_Work required_
With the pictures left out, transcribe exactly the lines from the one with "Ethereal Forest Waterfall Digital Art" through the end of the data.

Scraped caption text data
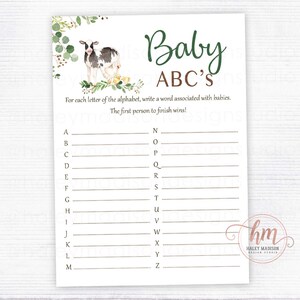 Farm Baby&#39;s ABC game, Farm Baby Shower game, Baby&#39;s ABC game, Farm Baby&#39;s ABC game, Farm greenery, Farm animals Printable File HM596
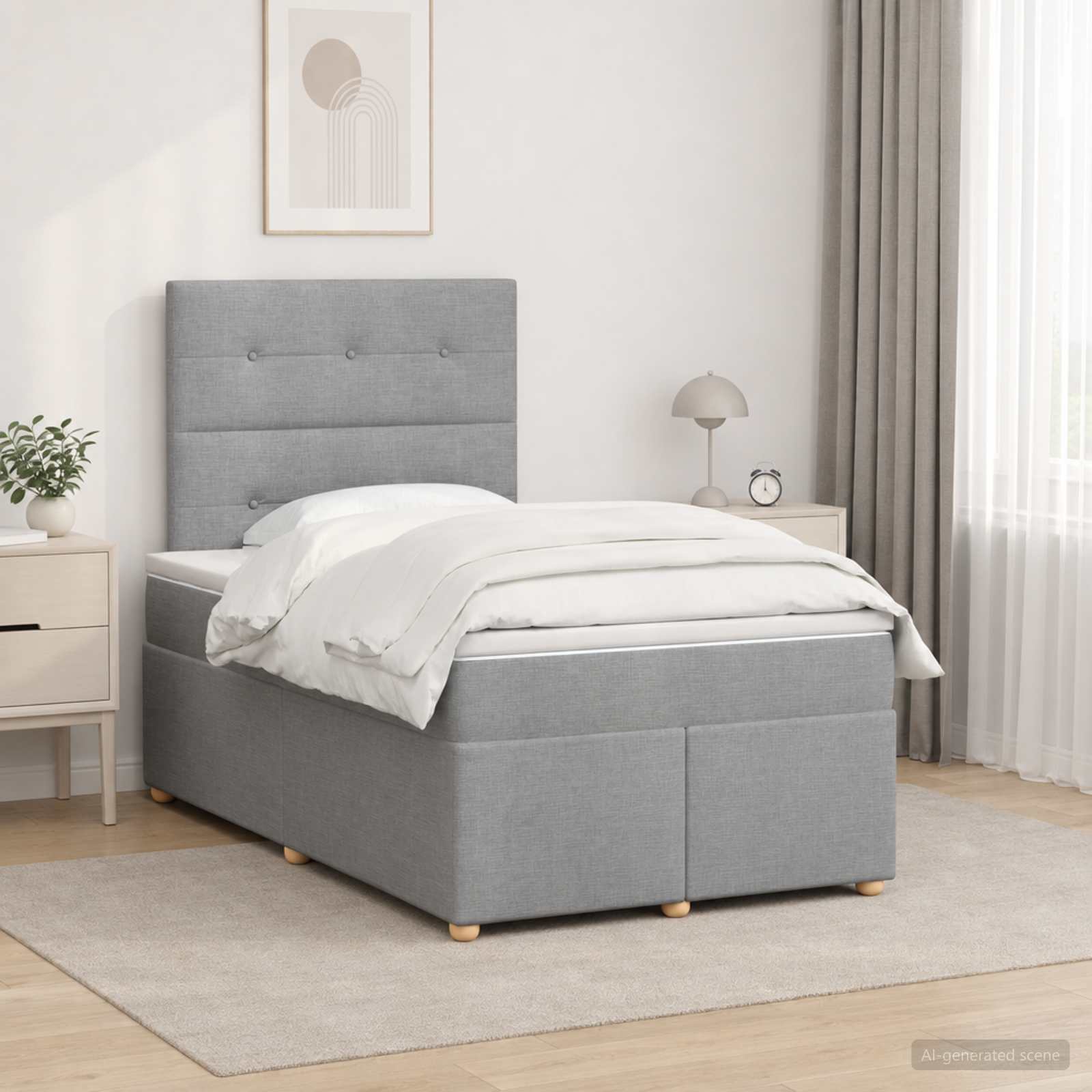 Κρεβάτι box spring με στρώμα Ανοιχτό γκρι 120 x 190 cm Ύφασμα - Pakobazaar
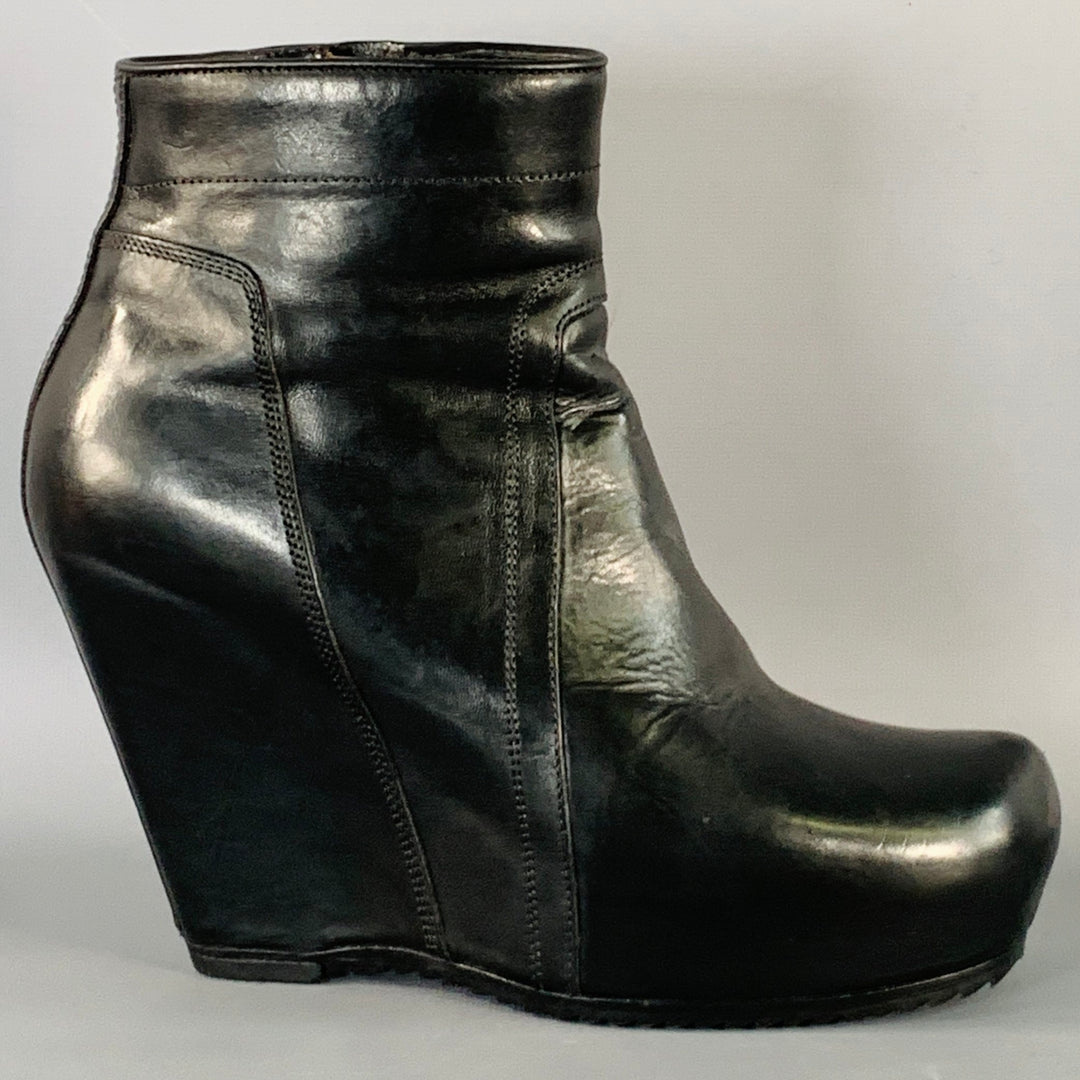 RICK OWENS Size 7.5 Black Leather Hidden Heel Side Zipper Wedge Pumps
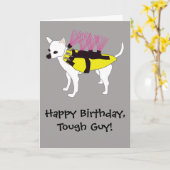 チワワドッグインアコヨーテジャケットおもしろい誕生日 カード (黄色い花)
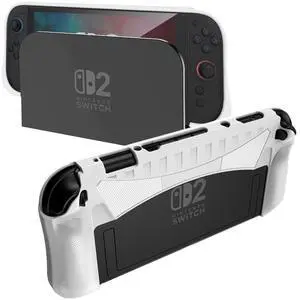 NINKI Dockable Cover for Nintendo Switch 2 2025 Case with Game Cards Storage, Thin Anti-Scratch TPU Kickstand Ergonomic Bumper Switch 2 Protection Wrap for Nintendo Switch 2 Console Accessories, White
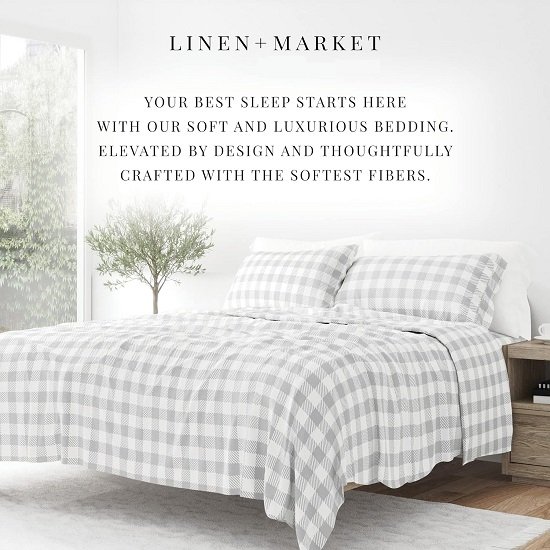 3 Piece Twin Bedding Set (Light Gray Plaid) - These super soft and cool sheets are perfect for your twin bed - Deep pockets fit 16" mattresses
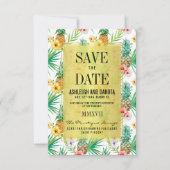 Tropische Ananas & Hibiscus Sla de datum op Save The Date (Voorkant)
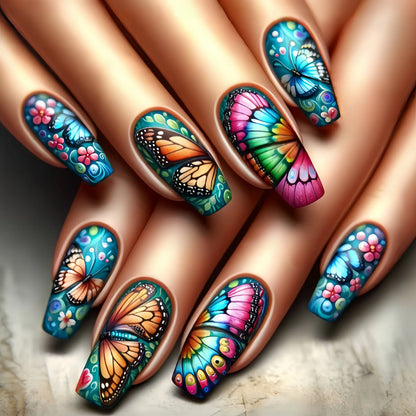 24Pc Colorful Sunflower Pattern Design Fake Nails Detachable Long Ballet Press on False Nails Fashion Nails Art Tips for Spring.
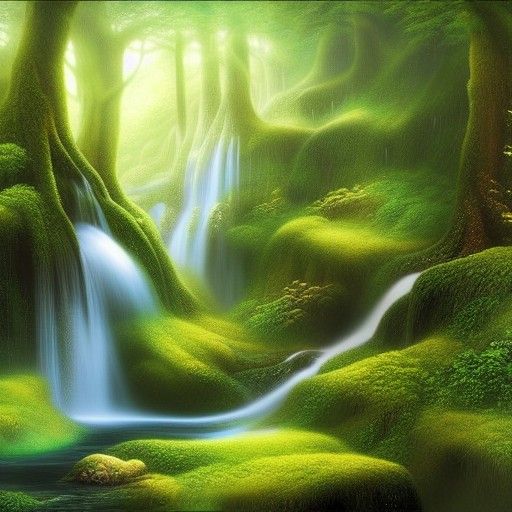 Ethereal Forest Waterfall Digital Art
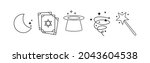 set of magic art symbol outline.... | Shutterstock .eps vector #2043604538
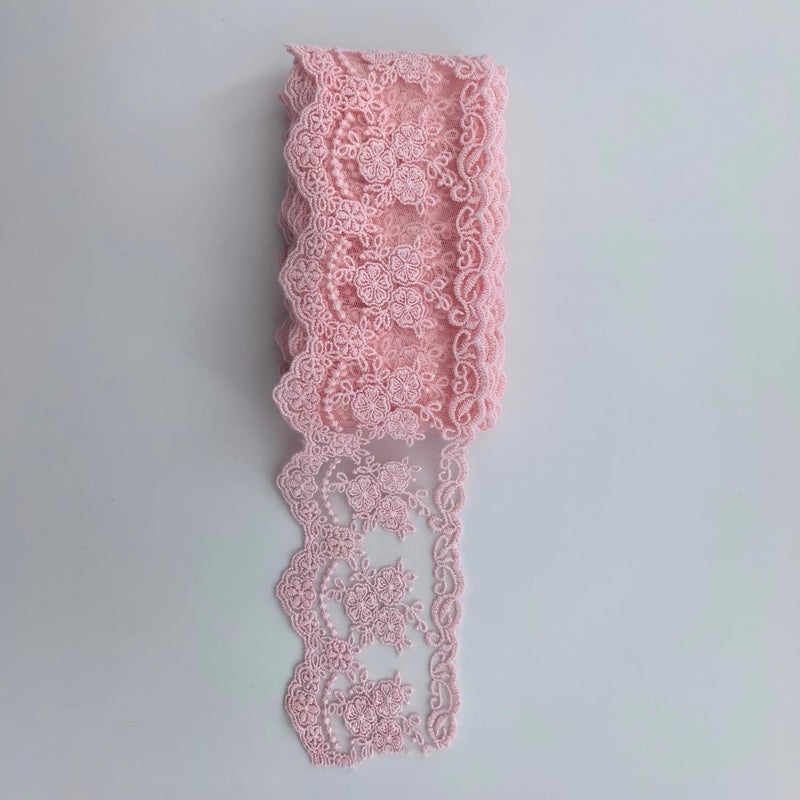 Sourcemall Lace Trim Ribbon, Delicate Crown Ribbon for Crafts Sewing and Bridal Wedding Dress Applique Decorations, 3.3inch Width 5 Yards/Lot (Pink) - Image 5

_Reply to the exercise_
 Ethereal Forest Waterfall Digital Art
 set of magic art symbol outline.... | Shutterstock .eps vector #2043604538
 Sourcemall Lace Trim Ribbon, Delicate Crown Ribbon for Crafts Sewing and Bridal Wedding Dress Applique Decorations, 3.3inch Width 5 Yards/Lot (Pink) - Image 5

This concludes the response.